Manuel L. Quezon became the second president of the Philippines from 1935 to 1941 under the Nacionalista Party. In 1934, under the admittance of President Manuel L. Quezon and U.S. High Commissioner Paul V. McNutt, Jewish refugees escaping Nazi persecution were able to find sanctuary in the Philippines before Filipinos and Jews alike experienced the brunt of the Second World War. President Quezon pushed back against critics of his open-door immigration policy by issuing Proclamation No. 173 on August 21, 1937. He called on all Filipinos to welcome the refugees and instructed the government to assist them. This later became the basis of President Quezon’s issuance of Commonwealth Act 613, later the Philippine Immigration Act of 1940. Many Filipinos were deeply concerned by the threat the Nazi regime posed to European Jewry during the 1930s. On November 17, 1938, hundreds of Filipinos held a rally in Manila to express their moral outrage at the Nazi persecution of German and Austrian Jews, and to denounce the Kristallnacht (Night of the Broken Glass) pogrom of November 9/10, 1938.
Manuel L. Quezon
In 2009, a monument honoring the Philippines was erected at the Holocaust Memorial Park in the Israeli city of Rishon Lezion. The monument, shaped like three open doors, thanks the Filipino people and its president for taking in Jewish refugees during the Holocaust.

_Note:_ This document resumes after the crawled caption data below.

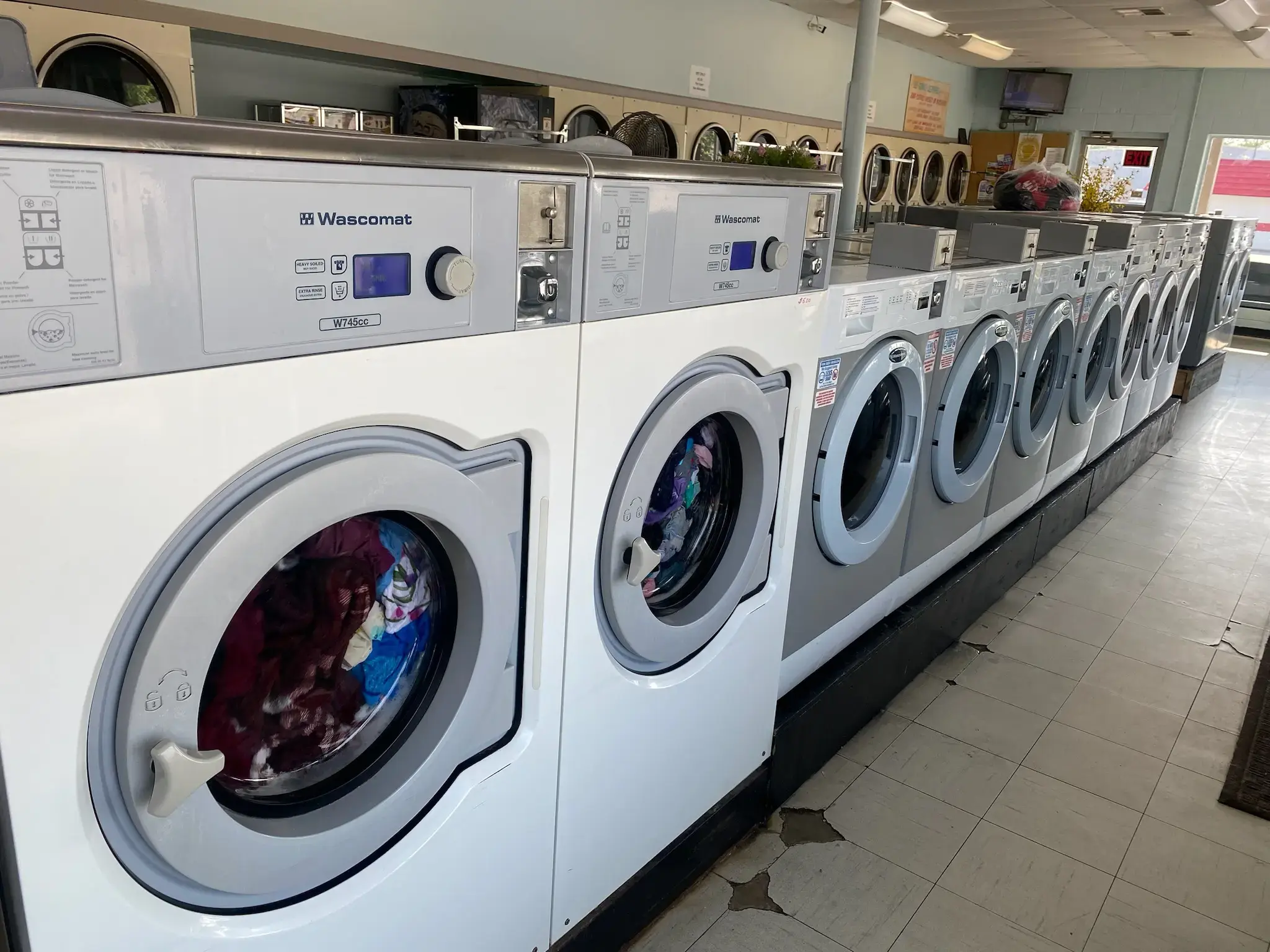Wash Wizard Coin Laundry Center - Image 19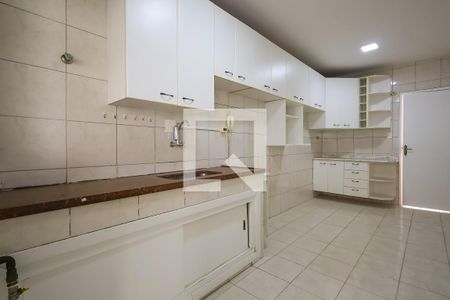 Apartamento à venda com 100m², 2 quartos e 1 vaga Apartamento à venda com 100m², 2 quartos e 1 vagaCozinha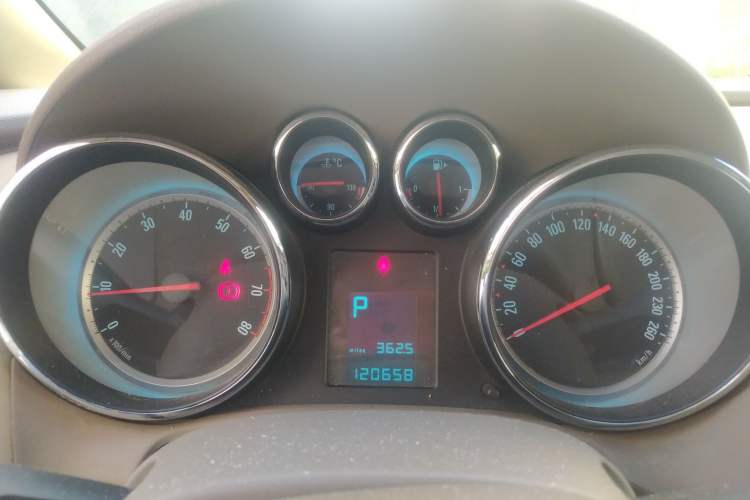 Used Buick GT 2011 GT 1.8L Automatic Fashion Edition Leather Model Odometer Close Up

On January 27th 2020, in observance of International Holocaust Remembrance Day, twin events were organized by the Philippine Mission to the United Nations in New York and the Philippine Embassy in Israel at the United Nations headquarters in New York and Balai Quezon in Tel-Aviv, respectively. “Safe Haven: Jewish Refugees in the Philippines” featured the viewing of “The Last Manila-ners”, “Quezon’s Game”, and “An Open Door: Jewish Rescue in the Philippines”, as well as personal testimonies from Holocaust survivors who found refuge in the Philippines.

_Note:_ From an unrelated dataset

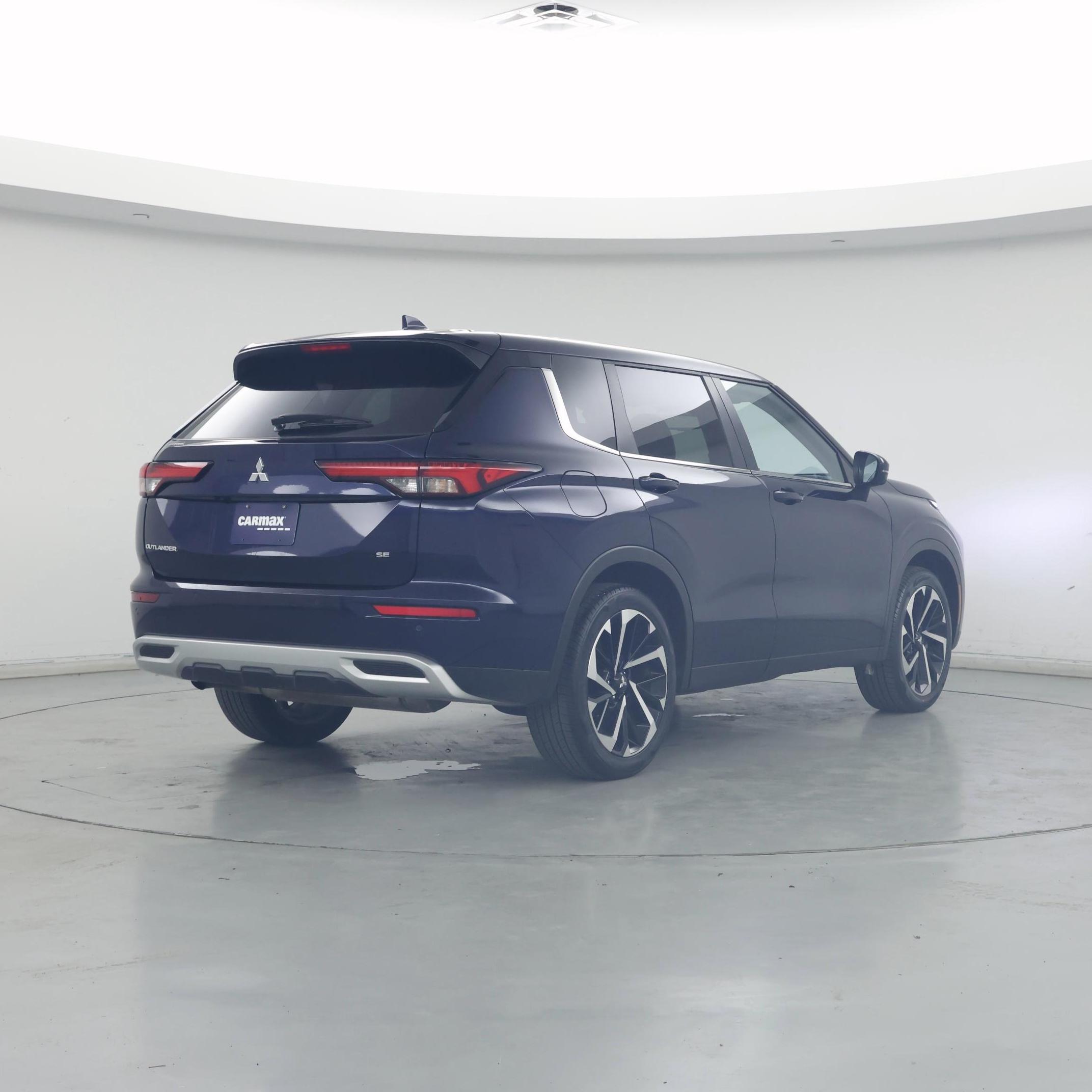 Thumbnail: 2024 Mitsubishi Outlander - 8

Foreign Affairs Secretary Teodoro L. Locsin Jr., in his keynote address delivered in New York, highlighted the importance of this legacy. He said, “In this time of rising anti-Semitism, this story of my country’s Open Doors Policy shows how plain decency can triumph over raging prejudice — which seems so irresistible when all we have to counter it is the soft quality of caring. It is a great moral victory that recognizes every life saved as immeasurably valuable for containing the infinite possibilities of a single human life.”
Among the personal testimonies heard during the event were those of Holocaust survivors Ralph Preiss and Max Weissler. They are “Manila-ners” – 1,300 European Jews who fled to Manila and have come to consider the Philippines their second home. “The Last Manila-ners,” one of the documentary films shown in the event, shows the personal accounts and stories of the last living Jewish refugees who sought refuge in Manila.
This makes me proud to be a Filipino though I may not have a direct part of that amazing journey of saving hundreds of lives. In our times where people are mostly judged by the color of their skin, race, language or even educational background there is something that makes us Filipinos apart from the rest of the world.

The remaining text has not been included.